It is located 4 km southeast of the town of Döğer in the İhsaniye district of Afyonkarahisar. It was built on a single rock mass to the west of Döğer - Üçlerkayası road, about 1.3 km east of the Küçük Kapıkaya monument. The monument was discovered in 1884 by W. M. Ramsay. The side faces of the pointy rock block were cut and leveled. Relief of a lion on his hind legs facing towards the façade is engraved on the right side. On the left side is the depiction of a four-legged animal in a much smaller size than the lion. Due to damage it is difficult to identify the animal; different researchers describe it as a lion, griffon, or sphinx.

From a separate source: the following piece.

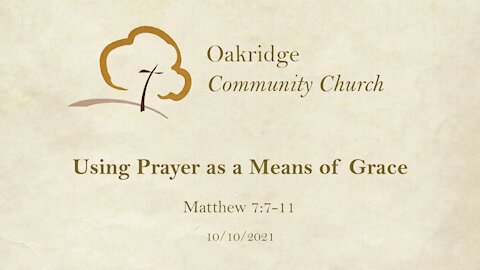 [Growing in Grace] Using Prayer as a Means of Grace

Two winged sphinxes are depicted symmetrically on both sides of the central pillar on the roof. When the monument was first discovered, an Old Phrygian inscription (W‑03) was visible on the main beam. Due to weathering, the inscription is no longer visible. The main façade under the roof is decorated with geometric patterns. Inside the niche on the left and right walls, there are the reliefs of two doors which give the appearance of two open door wings. The door shafts and the bolt on the right wing indicate that they were modeled like wooden doors. The high relief sculpture in the middle of the niche is most probably a mother goddess Matar depiction. There are lion reliefs on both sides of the mother goddess.
The reliefs made on tuff rock are cut off at the sandstone layer at the bottom of the monument. This layer, which is softer and less durable than tuff, has eroded over time, forming a horizontal hollow under the monument. In its current form, the monument remains 3 m high from the ground. According to Haspels, the lower part of the monument was left unfinished. Tüfekçi-Sivas propose that the eroded sandstone layer may have had, originally, a stair structure in front of the monument.
The monument has a special place among the Phrygian rock façades with its unique door design and rich reliefs. Unfortunately, the destruction done by treasure hunters is much more than the erosion caused by the weather. The relief of the mother goddess, right part of the niche frame, and part of the façade wall were damaged by blasting with dynamite.
The monument is dated to the mid-6th century BCE.